RAID-5/6 write hole: If power is lost mid-stripe-write, parity can become inconsistent. Mitigated by a write intent bitmap (--bitmap=internal) or a battery-backed write cache. For new deployments consider ZFS (which eliminates this at the filesystem level) unless you need raw block RAID.
Rebuild time on large disks: A 4 TB disk can take 10–20 hours to rebuild under default speed limits. Temporarily raise speed_limit_max (e.g. 1000000) if the server can afford the I/O load. Lower it again afterwards to avoid starving application I/O.
Speed limit tuning tension: Low speed_limit_min keeps the array responsive under load but means a rebuild can stall indefinitely. High speed_limit_max finishes the rebuild faster but can saturate the disk bus, causing application latency. Tune per workload; idle servers should run rebuilds at full speed.

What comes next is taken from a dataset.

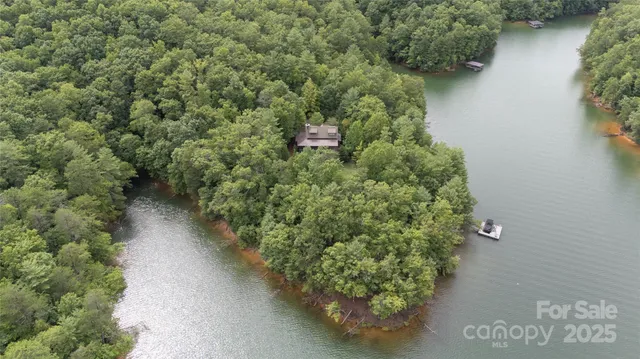 an aerial view of a house with a yard and garden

mdadm.conf must be updated after every structural change: Adding a disk, growing an array, or reshaping all change the array metadata. Run mdadm --detail --scan > /etc/mdadm/mdadm.conf after any such operation — not >> (append) which accumulates stale entries.

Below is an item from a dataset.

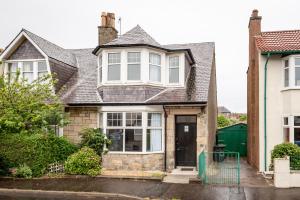 a house with a gray roof and a black door at Rossmore - 5 mins from St Andrews town centre in Fife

update-initramfs (Debian/Ubuntu) or dracut -f (RHEL/Fedora) required after config changes: The initramfs contains a copy of mdadm.conf. Without regenerating it, the system will fail to assemble the root/boot array on next boot even though the config on disk is correct.
Email alert setup is not automatic: mdadm --monitor sends mail on disk failures, but MAILADDR in mdadm.conf and a working MTA (e.g. postfix, msmtp) must both be configured. Many installs silently have no alerting until a disk fails.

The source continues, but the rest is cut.